Così Dario Saltari su Ultimo Uomo di lui ha scritto: «Di Gianluca Scamacca si parla sin da quando, nelle giovanili della Roma, abbatteva come birilli ragazzini alti la metà di lui. I ragazzi cresciuti troppo in fretta che dominano nelle Primavere dividono sempre: c’è chi li attende come messia nel calcio professionistico e chi li aspetta al varco del momento in cui il vantaggio fisico sarà sparito. Con Scamacca c’era un ulteriore di livello di discussione, però, e cioè cosa il suo talento prometteva.

Non solo un attaccante di un metro e 95 capace di bullizzare le difese avversarie, ma anche un giocatore con un fisico da numero nove e una sensibilità tecnica, una visione di gioco e una capacità balistica da numero dieci. Con i colpi di tacco sulla trequarti, i filtranti no-look e le bombe sotto la traversa, Scamacca prometteva di portarci il sacro Graal del talento offensivo, l’unione dei due ruoli più decisivi del gioco del calcio.
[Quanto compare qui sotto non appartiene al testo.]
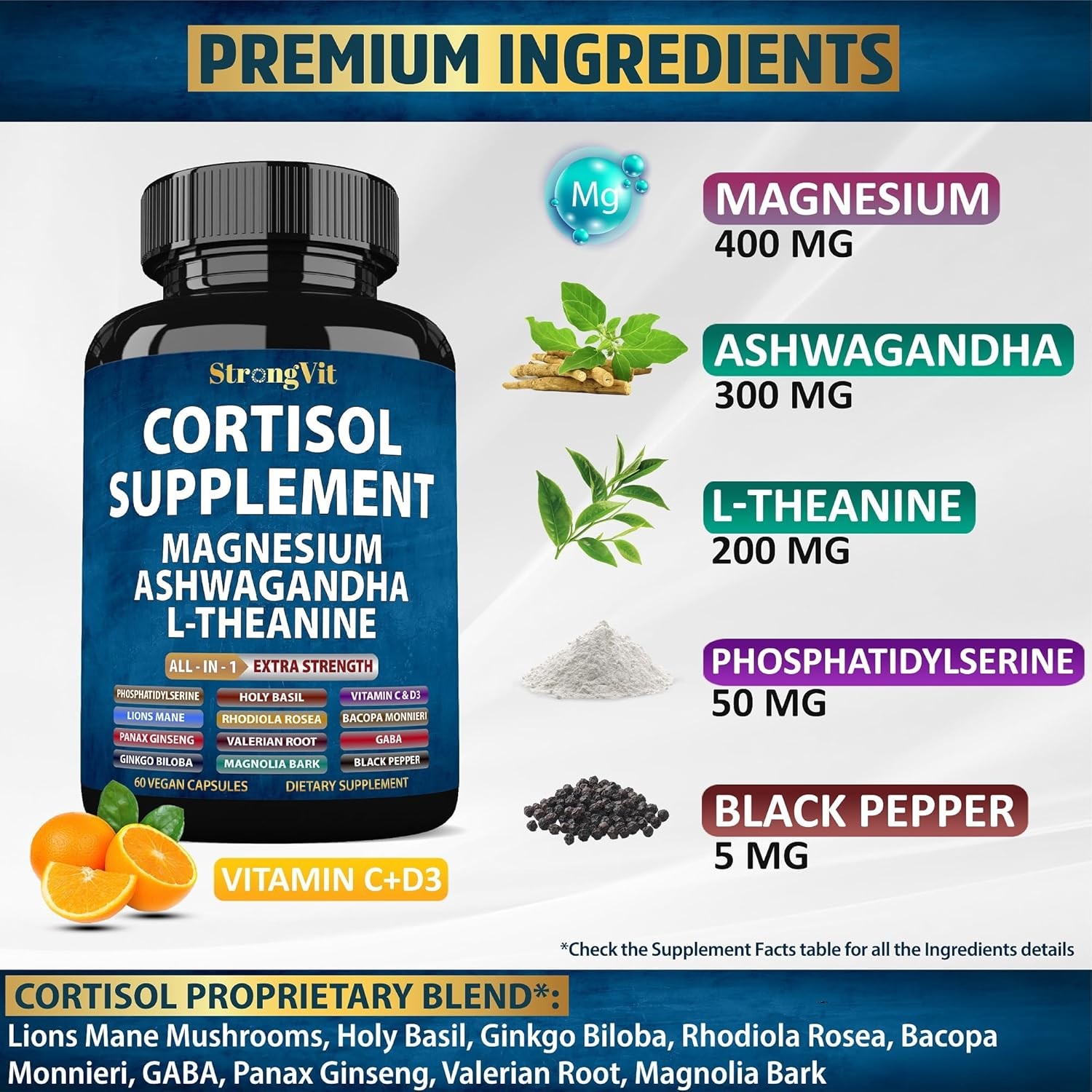 StrongVit Cortisol Supplements for Women and Men with Magnesium, Ashwagandha & L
Di conseguenza, la discussione intorno a lui si è polarizzata per tutto il resto della sua carriera, tra chi ha continuato a credere a questa promessa e chi pensava fosse una truffa» (corsivo nostro). Un termine forse esagerato, ma calzante per descrivere questo incredibile attaccante.

In Serie A, solo Jovic tra le punte di ruolo ha un tasso di conversione dei tiri in gol migliore di quella di Scamacca. Magari vuol dire poco, forse vuol dire tutto. Scamacca è un giocatore unico perché è in grado di giocare per i compagni e di essere forte e determinante – e d’altronde chi ha segnato all’Inghilterra a ottobre? Spalletti sembra averlo dimenticato troppo presto. E in fondo Retegui i suoi gol li ha fatti. Ma davvero non vedete la differenza tra i due? Uno è un attaccante già formato, coi suoi difetti e i suoi pregi. L’altro è come il dio Giano, appunto: in attesa di capire cosa sia il presente. Ma da un plasmatore di dèi e talenti come Spalletti, convocare Scamacca è un dovere morale.